Mireles First Steps PLC 300x300When I moved from my Professional Learning Community (PLC) school to a new school in a new town, I expected the same kind of environment. I quickly learned, however, that PLCs are not practiced everywhere. It was difficult to move from a place of collaboration, trust, and growth to a place of isolation and stagnancy. Research in the 1970s conducted by sociologist Dan Lortie found that “schools are widely defined by a culture of individualism” (Lortie, 1975). Unfortunately, this notion still rings true today (Rennie Center for Education Research and Policy, 2013). But schools can easily change with the implementation of PLCs.

PLCs help shift the focus from “teaching in the classroom to learning in the classroom” (Rennie Center for Education Research and Policy, 2013). Teachers, administrators, and support staff discuss, share, and learn from one another in order to provide learning opportunities for both the teachers and the students. Together, they put steps in motion to produce an environment of positive collaboration. This builds trust among colleagues and provides opportunities for learning new strategies and sharing new ideas and resources. According to an article in Teacher College Record, “Schools with higher levels of teacher collaboration are associated with stronger student performance” (Goddard, Y., Goddard, R., & Tschannen-Moran, M., 2007).

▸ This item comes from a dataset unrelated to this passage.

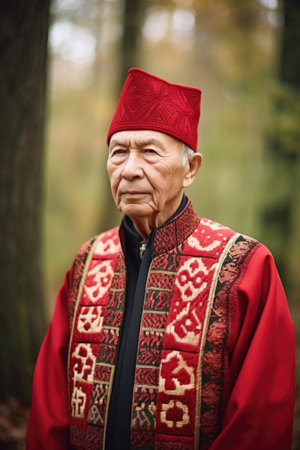 shot of a senior man in traditional clothing outdoors, created with generative aiの素材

Although PLCs require time to implement, there are easy ways to get the collaboration going. The first step is to open up communication with colleagues so everyone feels safe sharing ideas, fears, and concerns. Consider the following steps, based on my experiences, as a guide to help you begin the process of creating a PLC.

Establish Norms

Establishing norms ensures that each person will have an opportunity to share and discuss ideas and ask questions during PLC meetings. Even a small group discussion can be chaotic when multiple people are trying to comment at the same time. Having norms in place will help to structure meetings. Norms—or rules—should be determined collaboratively at the first meeting and agreed upon by the team. Here are some norms to consider: turn cell phones off, speak positively, offer solutions, stay on topic, be prepared, and participate. However, an excessive number of norms can be discouraging. It is a good idea to have a maximum of five. Norms should not be set in stone—they should be revisited and revised as the needs of the team change. Meetings should begin with an overview of the norms so the environment remains constructive instead of critical or competitive. Establishing norms fosters respect among team members.

Outline a Team Agenda

Having a well-planned team agenda outlined before all meetings will make collaborating easier. Team members can add items to the agenda before a meeting takes place in order to ensure that sufficient time is allotted for each topic. Each team member should have a copy of the agenda to take notes on and refer back to as needed. I suggest adding the norms to the agenda to serve as a reminder during each meeting. After the norms are read, the team can begin the meeting by sharing general information and then delving into other topics such as teaching strategies, obstacles in the classroom, concerns, and data. In addition, team members can share student work samples and offer relevant ideas and resources. After each meeting, the team should have an opportunity to discuss important and pertinent questions. If the questions cannot be answered within the team, they should be written down on the agenda and given to administration and/or other campus members for feedback. Feedback should be received within one week of the meeting so that it can be shared with colleagues at the next meeting.

Foster Team Collaboration

Teachers often feel that they need an outlet for their frustrations in the classroom. Frustrations can be caused by a range of issues, from disciplinary problems to struggles with routine implementation to instructional difficulties. Having reflective conversations with team members provides a positive way to improve teacher practices and approaches to challenging situations. For example, the group may discuss new ways to teach by sharing instructional experiences that have had a positive impact on learning. Team members can also take part in professional development activities and then share the ideas and resources they learned with one another. This allows teachers to continue to grow professionally by learning from their colleagues and finding ways to take what they learned and make it work in their own classrooms to meet their students’ needs. All teachers must continue to learn in order to provide effective and productive classroom practices, and PLCs provide the collaborative environment in which to do so.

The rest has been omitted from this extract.